Collaborative Research

  • Functional Proteomics

    The wealth of sequenced genomes has resulted in the development of powerful genomic approaches to define the functions of the individual genes, to deduce the networks of interactions between genes and to mine additional information encoded in the genome. For example, a collection of 5,854 sequence-verified yeast expression plasmids opened the door to study signals within genes that regulate their expression, as well as to develop yeast as a host for expression of proteins for biochemical and structural analysis.

  • High Throughput Purification of Proteins for Biochemical and Structural Analysis

    Recent work in this lab and the lab of E. Grayhack has focused on establishing yeast as the eukaryote of choice for high throughput purification of yeast and other eukaryotic proteins for biochemical analysis and structural biology. Although expression in E. coli has been used for biochemical analysis and for the determination of a large number of protein structures, expression of eukaryotic proteins in E. coli often results in limited solubility, as well as in the absence of post-translational modifications. To establish yeast as an organism for high throughput cloning, expression and purification, we have developed several methods.

  • Post-transcriptional Gene Regulation by Double-stranded RNA-binding Proteins

    • Maquat Lab Normal & Disease-Associated RNA Decay
    • Kielkopf Lab Pre-mRNA Splicing for Treatment of Human Disease

    We have found that STAU1, which is a double-stranded RNA binding protein, recruits the NMD factor UPF1 to certain mRNA 3'-untranslated regions (3'UTRs) so as to elicit SMD in a translation-dependent mechanism (reviewed in Park and Maquat, 2013, Wiley Interdiscip Rev RNA 4:423-435).
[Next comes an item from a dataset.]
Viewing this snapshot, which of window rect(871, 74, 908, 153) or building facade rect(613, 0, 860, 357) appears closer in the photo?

Using microarray analyses, we have identified a number of mRNAs that are naturally down-regulated by SMD.

  • The Biological Roles of tRNA Modifications

    tRNA is the most highly modified class of RNA species, and modifications are found in tRNAs from all organisms that have been examined. Yeast cytoplasmic tRNAs have 25 biochemically distinct modifications, and the average tRNA has 13 modified residues. These modifications are highly conserved in eukaryotes, including humans, and many of the corresponding genes have been identified in this and other labs. It is known from previous work in the field that several modifications in and around the anticodon loop have crucial roles in various aspects of translation, while several other modifications remote from the anticodon loop have specific roles in tRNA folding and/or stability. However, the precise roles of many other individual modifications are only poorly understood, and are under investigation in our lab.